The first European to visit the area may have been Giovanni De Verazzano, who explored parts of the Outer Banks in 1524. Early settlers were few and far between. William Byrd discussed two of them in a tale relayed by David Stick in his “History of the Outer Banks”. The inhabitants described by Byrd were hermits who lived in a hut, “mainly lived on oysters”, and wore no clothing except their beards and hair.
In the mid-19th century, Currituck Banks began to attract wealthy visitors. Motivated by stories of massive flocks of geese, the first gun club opened in the area in 1874. It was followed in 1922 by the Whalehead Club, an ornate lodge occupying 35 acres of what was then an untouched marsh.
One of North Carolina’s famous lighthouses, the Currituck Beach Light, was built in 1875 in the community of Corolla. It is tied with the Bodie Island Lighthouse for the second tallest lighthouse in North Carolina and can be climbed several months a year.
In the 1920s, East Currituck County began to open up to tourists from all over the country. Tourism was aided by the Good Roads Movement and a number of key bridges, including the Baum Bridge in 1928 and the Wright Memorial Bridge in 1930. Visitors enjoyed white sand beaches, hunting grounds and wild horses from Corolla.
Eventually, Carova Beach became an isolated tourist destination. It is distinguished by the fact that it can only be reached by boat or by car on the beach. As Kip Tabb wrote in a 2017 article about the development of the beach, “Although traffic has increased, the lack of infrastructure and paved roads has kept visits modest compared to other parts of the Outer Banks.”
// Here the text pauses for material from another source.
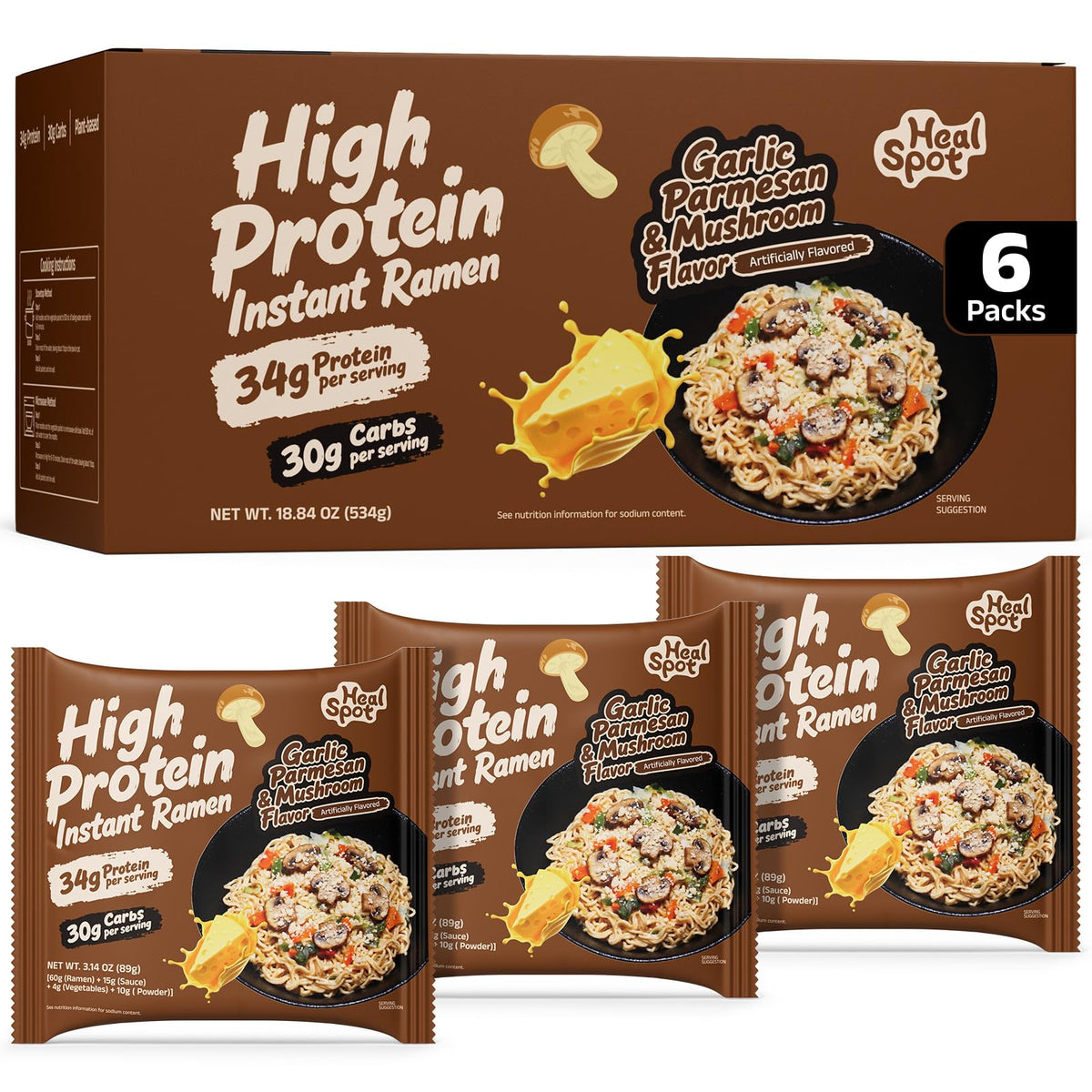 HealSpot High Protein Creamy Ramen | Garlic Mushroom | 34g Plant-Based Protein, 4.5g Fat, Vegan Instant Noodles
The differences between east and west Currituck County are striking. East Currituck County’s population swells during the summer months to around 50,000, more than double the year-round population of the entire county. Tourists are restricted in the western half while comprising almost all of the eastern half’s economy.
Currituck Banks vacationers and tourists are some of the richest and most powerful people in the world. Former Supreme Court Justice Antonin Scalia owned a home in Corolla, and Bill Gates reportedly rented once in 2021. In contrast, western Currituck County, home to the majority of Currituck’s 1,377 African Americans, is rural, isolated and mostly free of celebrities.
These disparate situations between the two halves will only grow. The western half will likely be strengthened by the Mid-Currituck Bridge and the growth of Elizabeth City and Hampton Roads. This section of Currituck County can become either a stopover on the way to the Outer Banks or a remote bedroom community for Chesapeake and Suffolk, Virginia.
The eastern half, on the other hand, will continue to attract tourists but is cut off from Virginia by False Cape State Park, which does not allow vehicle access from North Carolina. These different backgrounds and experiences give Currituck County its character and make it one of the most remarkable counties in all of North Carolina.